(Work order) Find the line containing "This is a brand" in the entries below. Restate it and each line after it, word for word, up to and including the line containing "Article 4(14) of".

(Source information)
Content starts
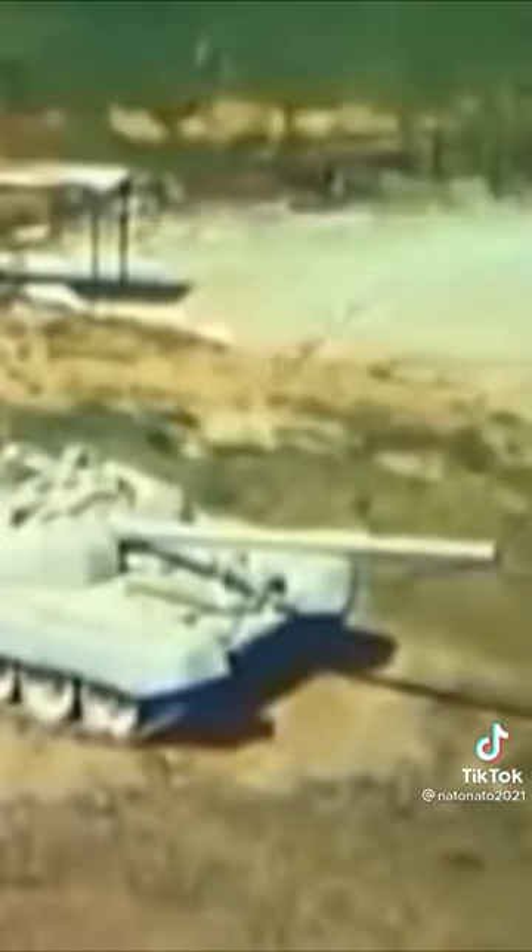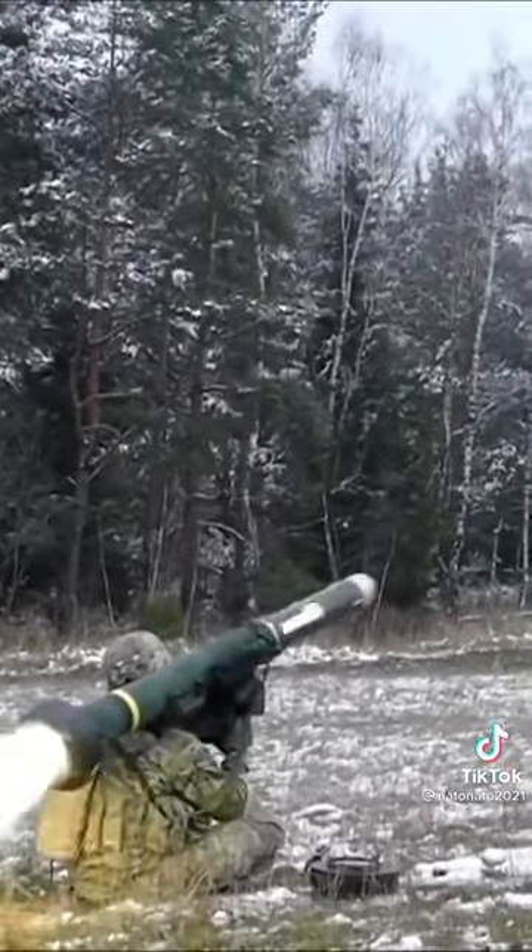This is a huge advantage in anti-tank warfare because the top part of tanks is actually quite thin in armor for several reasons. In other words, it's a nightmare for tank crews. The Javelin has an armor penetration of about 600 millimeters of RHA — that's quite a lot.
Content ends
Content starts
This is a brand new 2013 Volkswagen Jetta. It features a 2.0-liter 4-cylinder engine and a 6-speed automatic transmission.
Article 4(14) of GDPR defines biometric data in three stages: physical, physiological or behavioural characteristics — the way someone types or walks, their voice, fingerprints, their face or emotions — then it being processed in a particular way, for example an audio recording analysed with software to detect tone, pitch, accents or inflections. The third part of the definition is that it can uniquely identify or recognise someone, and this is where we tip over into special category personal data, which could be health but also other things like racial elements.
Content ends
Content starts
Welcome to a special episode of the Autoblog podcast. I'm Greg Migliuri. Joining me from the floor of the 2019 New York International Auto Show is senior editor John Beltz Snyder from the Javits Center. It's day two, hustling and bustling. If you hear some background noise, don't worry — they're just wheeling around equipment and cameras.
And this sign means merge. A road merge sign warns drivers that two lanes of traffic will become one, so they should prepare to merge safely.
Content ends
(Solution to the exercise)
This is a brand new 2013 Volkswagen Jetta. It features a 2.0-liter 4-cylinder engine and a 6-speed automatic transmission.
Article 4(14) of GDPR defines biometric data in three stages: physical, physiological or behavioural characteristics — the way someone types or walks, their voice, fingerprints, their face or emotions — then it being processed in a particular way, for example an audio recording analysed with software to detect tone, pitch, accents or inflections. The third part of the definition is that it can uniquely identify or recognise someone, and this is where we tip over into special category personal data, which could be health but also other things like racial elements.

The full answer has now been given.